Altered Frontal Ankle Neuromechanics in Subjects with AI Compared to Copers and Healthy Controls

Abstract

Lateral ankle sprains often result in ankle instability (AI). However, some individuals (copers) who have a history of a sprain(s), do not exhibit residual symptoms. Defining neuromechanics of copers can help us clarify successful movement strategies to avoid AI. PURPOSE: To examine frontal-plane ankle angles, moments, and peroneus longus (PL) activation during a jump task. METHODS: 66 subjects (M=42, F=24; 22.2±2 yrs, 173.8±8 cm, 71.4±11 kg) consisted of 22 AI (77.1±15.3% FAAM ADL, 62.5±20.4% FAAM Sports, 4.1±2.8 sprains), 22 Copers (100% FAAM ADL & Sports, 2.0±1.1 sprains), and 22 healthy controls. Subjects performed 5 jumps, consisting of a max vertical jump, landing on a force plate, and transitioning immediately to a side jump, while the dependent variables were collected during stance. Functional linear models (α=.05) were used to detect mean difference between groups. If functions and corresponding effects sizes (95% confidence intervals) did not cross the zero, then significant differences existed (p<.05). RESULTS: Figure 1 shows that while copers demonstrated similar frontal ankle angles to normals, AI subjects exhibited up to 3° greater eversion compared to copers and normals (p<.05).
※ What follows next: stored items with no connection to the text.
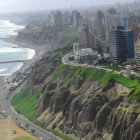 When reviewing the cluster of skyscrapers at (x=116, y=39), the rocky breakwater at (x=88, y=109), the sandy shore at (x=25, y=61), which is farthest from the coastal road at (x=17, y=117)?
the cluster of skyscrapers at (x=116, y=39)

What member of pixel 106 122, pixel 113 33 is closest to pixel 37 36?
pixel 113 33

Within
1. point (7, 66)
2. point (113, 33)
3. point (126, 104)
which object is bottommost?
point (7, 66)

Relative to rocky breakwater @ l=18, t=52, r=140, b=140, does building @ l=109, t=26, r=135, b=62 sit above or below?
above

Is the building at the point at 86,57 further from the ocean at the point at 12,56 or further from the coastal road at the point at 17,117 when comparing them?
the ocean at the point at 12,56

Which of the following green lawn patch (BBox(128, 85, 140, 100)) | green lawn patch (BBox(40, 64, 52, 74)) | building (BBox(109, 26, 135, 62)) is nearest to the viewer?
green lawn patch (BBox(128, 85, 140, 100))

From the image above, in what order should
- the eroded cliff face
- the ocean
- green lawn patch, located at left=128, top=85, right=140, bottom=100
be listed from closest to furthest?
the eroded cliff face
green lawn patch, located at left=128, top=85, right=140, bottom=100
the ocean

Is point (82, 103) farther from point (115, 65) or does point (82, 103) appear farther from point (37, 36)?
point (37, 36)

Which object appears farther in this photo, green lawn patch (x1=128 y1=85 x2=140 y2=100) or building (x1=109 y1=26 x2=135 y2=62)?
building (x1=109 y1=26 x2=135 y2=62)

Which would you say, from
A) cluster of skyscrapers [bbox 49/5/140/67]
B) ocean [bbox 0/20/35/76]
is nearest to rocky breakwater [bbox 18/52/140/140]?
→ cluster of skyscrapers [bbox 49/5/140/67]

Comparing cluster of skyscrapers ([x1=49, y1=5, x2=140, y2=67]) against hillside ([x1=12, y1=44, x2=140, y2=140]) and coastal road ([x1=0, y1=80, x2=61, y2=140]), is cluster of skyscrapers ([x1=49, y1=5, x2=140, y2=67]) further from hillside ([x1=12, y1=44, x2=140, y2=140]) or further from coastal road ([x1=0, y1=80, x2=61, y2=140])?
coastal road ([x1=0, y1=80, x2=61, y2=140])
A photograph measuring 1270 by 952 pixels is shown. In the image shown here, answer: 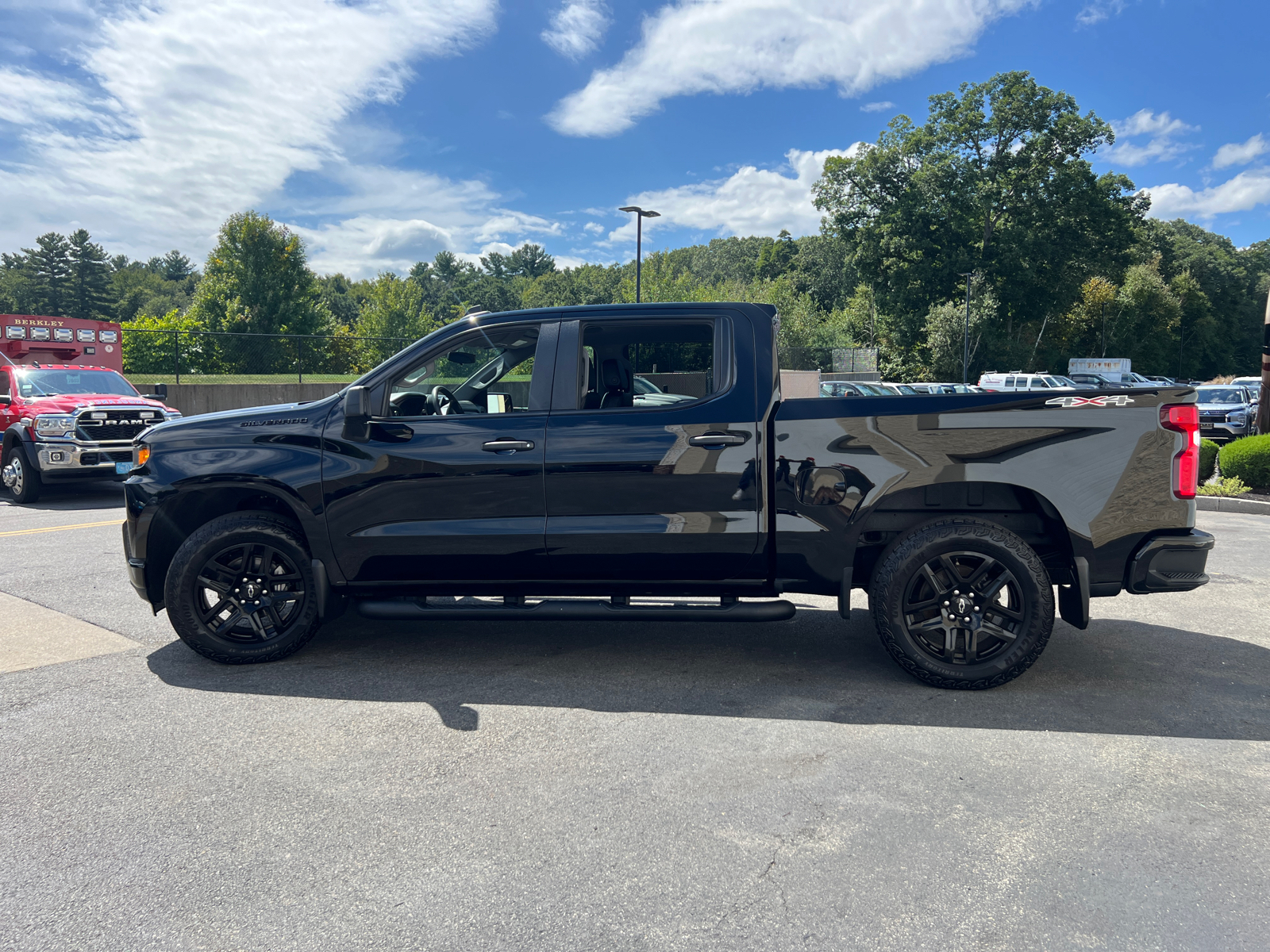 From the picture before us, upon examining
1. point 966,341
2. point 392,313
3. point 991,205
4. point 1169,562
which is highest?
point 991,205

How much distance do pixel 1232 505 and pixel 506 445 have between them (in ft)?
37.4

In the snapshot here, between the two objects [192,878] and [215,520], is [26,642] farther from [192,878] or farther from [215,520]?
[192,878]

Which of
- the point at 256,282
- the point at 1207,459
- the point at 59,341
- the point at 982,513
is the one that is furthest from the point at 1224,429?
the point at 256,282

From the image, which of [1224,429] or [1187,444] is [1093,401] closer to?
[1187,444]

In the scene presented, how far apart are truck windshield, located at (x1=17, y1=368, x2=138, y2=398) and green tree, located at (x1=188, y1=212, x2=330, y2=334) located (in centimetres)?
4400

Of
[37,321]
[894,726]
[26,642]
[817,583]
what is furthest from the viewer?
[37,321]

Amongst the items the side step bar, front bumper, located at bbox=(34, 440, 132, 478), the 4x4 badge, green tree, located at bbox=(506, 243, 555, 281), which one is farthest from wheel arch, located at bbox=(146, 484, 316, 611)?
green tree, located at bbox=(506, 243, 555, 281)

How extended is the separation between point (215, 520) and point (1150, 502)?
4.94 metres

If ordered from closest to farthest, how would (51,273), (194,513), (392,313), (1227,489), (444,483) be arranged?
(444,483) < (194,513) < (1227,489) < (392,313) < (51,273)

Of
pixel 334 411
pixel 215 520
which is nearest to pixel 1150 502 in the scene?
pixel 334 411

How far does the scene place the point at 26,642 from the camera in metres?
5.24

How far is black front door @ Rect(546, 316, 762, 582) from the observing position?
14.7 feet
AI subjects also demonstrated up to 0.1 Nm/kg less eversion moment relative to copers, while copers demonstrated up to 0.1 Nm/kg greater eversion moment relative to normals (p<.05). PL activation in AI subjects was 13% and 21% less than copers and normals, respectively (p<.05). CONCLUSIONS: Copers show unique neuromechanics relative to AI subjects and normals. AI subjects land with more eversion, but also exhibit less eversion moment along with less PL activation. More data are needed to determine if this strategy is associated with injury risk.